What You Should Know About Earthquakes

An earthquake is a shifting of the earth's plates, which results in a sudden mild-to-strong shaking of the ground. The shaking may be sideways, up and down, or wave-like, and can occur over very large regions. Earthquakes can last from a few seconds to several minutes and usually start with a rumbling noise that can be low in volume or as loud as a freight train. Earthquakes occur suddenly and unpredictably.

Earthquakes are measured on two scales. The Richter scale measures the amount of energy released by an earthquake; the Modified Mercalli scale measures the amount of damage and destruction of the earthquake. Click here to see a comparison of the Richter and Mercalli Scales.

Earthquakes may result in extensive damage to communities, including collapsing schools, homes, bridges, dams, highways, and even tall buildings. Breaks in gas and power lines can cause fires and breaks in water pipes can make it difficult for fires to be put out. Sewage pipe breaks can result in disease in the following days and weeks. Approximately seventy earthquakes occur around the world every year, but only a few cause extreme damage, destruction, injury, and death.

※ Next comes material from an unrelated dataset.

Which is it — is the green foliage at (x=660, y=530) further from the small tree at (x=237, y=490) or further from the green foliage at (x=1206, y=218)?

Most earthquake injuries result from falls or being hit by collapsing walls, flying glass, or shifting objects. People can be injured or killed by being trapped in a collapsed building or severely burned in a fire. Injuries to the head, neck, or chest are usually the most severe.

Earthquake aftershocks are common. Over time, aftershocks generally become less strong and less frequent, but they can cause more damage and injury than the original jolt, and can occur for months following the original earthquake.

Impact on Children and Families

Because earthquakes are unexpected and can be very destructive, being in one can be terrifying. People fear they will be injured or killed. They may be separated from family, with hours passing before knowing if their loved ones are safe. They may see collapsed buildings or other destruction and experience the horror of seeing severely injured people or even dead bodies. As they assess the damage, people may find that a relative or close friend has been killed or that their home has been destroyed. Earthquakes are particularly difficult physically and emotionally for people who are disabled or have special needs.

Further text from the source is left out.